Het is iets om trots op te zijn: mijn nieuwe vlaggenmast. Daar kan immers iedereen mee omgaan, het zou ook mij moeten lukken…

Ik heb er lang op moeten wachten, maar eindelijk is-ie daar dan. Een vlaggenmast. Jarenlang heb ik reikhalzend uitgezien naar het moment dat ik zo’n statig ding in de tuin kon plaatsen. Die vlaggenmast, dus.
Omdat ik zelf nogal onhandig ben aangelegd heb ik het plaatsen ervan overgelaten aan twee potige ambachtslieden. Met jaloersmakend gemak tilden zij de betonnen voet op en plaatsten die in het daartoe gegraven gat. De paal werd hier vervolgens op de juiste manier op bevestigd. Het touwtje was noodzakelijk, zo vertelden ze mij, want daarmee kon de vlag naar boven of naar beneden worden gehaald.
‘Heeft u een vlag, dan kunnen we het ophijsprogramma even demonstreren.’

Een simpele vraag, maar toch eentje die me in gewetensnood brengt. We hebben niet voor niets een vlaggenprotocol en je kunt niet zomaar eventjes ter demonstratie met vlaggen rotzooien. Maar ik had een alternatief. Een oud tafelkleed werd door de heren vakkundig en geroutineerd omhoog gehesen. Toen namen ze afscheid.
Trots keek ik omhoog en zag het wapperende kleedje in de lucht. Helaas, het was geen erg schoon kleedje, je kon precies zien welke ravage de vanmorgen omgevallen yoghurt had aangericht. Kortom, tijd om het ding weer naar beneden te halen. Dat zette me voor een probleem. Hoe een vlag naar boven moest, dat had ik nou wel gezien. Maar hoe moest-ie nou naar beneden? Hoe ik ook trok aan de touwtjes, het kleed bleef hangen waar hij hing.
Mijn inspanningen bleven niet onopgemerkt. Buurvrouw Jacoba gluurde regelmatig over het strookje matglas van haar badkamer, terwijl ze haar tanden stond te poetsen. Ik zag ze lachen. Dat leverde ook bij de buren de nodige ravage op, de kloddertjes tandpasta roffelden tegen de ruiten. Ik lachte en zwaaide maar vriendelijk terug, inwendig mezelf verbijtend. Ik zou weer wekenlang hét onderwerp van gesprek zijn op de vele koffie- en thee-uurtjes van de dames in de buurt.

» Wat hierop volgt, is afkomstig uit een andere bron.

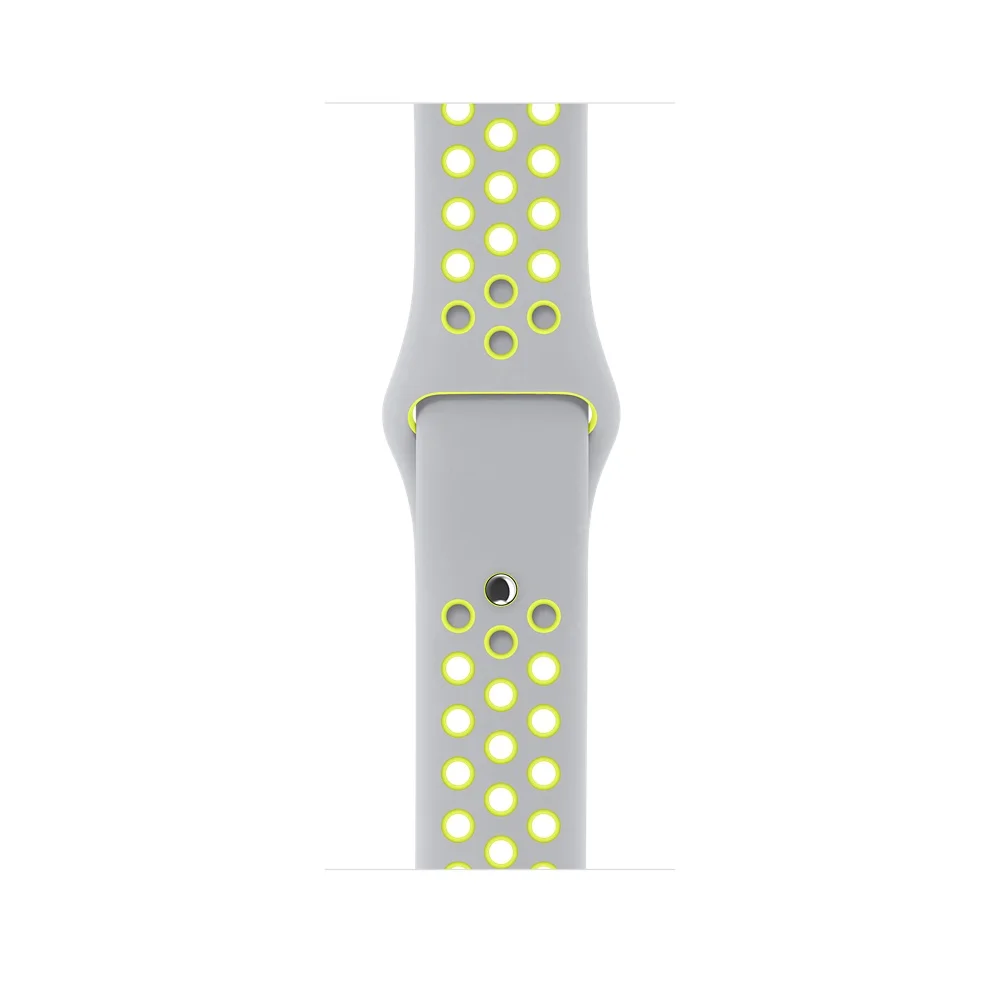  For apple watch nike Silicone Replacement Sport Band For 44/40MM Apple Watch Series 42/38MM Wrist Bracelet Strap For iWatch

Na een kwartiertje hopeloze strijd gaf ik het op. Die gekke tafelkleedvlag moest naar beneden en wel zo snel mogelijk. Ik rende naar binnen en kwam terug met een schaar, waarmee ik het dikke vlaggentouw aanviel.
Heb je ooit wel eens geprobeerd zo’n dik touw met een keukenschaartje door te knippen? Zo niet, ik raad het je af. Het touw is ontworpen om lang bruikbaar te zijn en is dus stevig. Héél stevig. Al snel gaf ik de ongelijke strijd op. Ik had nog één optie. De fik erin! Ik diepte een doosje lucifers op uit mijn broekzak en stak de tuinfakkel aan, die ik had gemonteerd op een lange stok. Voorzichtig hees ik het brandende gevaarte omhoog. Als ik het vlaggentouw niet zou kunnen beschadigen, dan dat kleedje maar.
Het kleedje fikte uitstekend. Brandende vonken dwarrelden in het rond en doofden gelukkig veilig op het zand in de tuin. Het touwtje, geheel bestand tegen mijn knipactiviteiten, fikte helaas vrolijk mee en kletste in brandende stukken op de grond. Daar stond ik dan. Wél een vlaggenmast, geen touwtje meer.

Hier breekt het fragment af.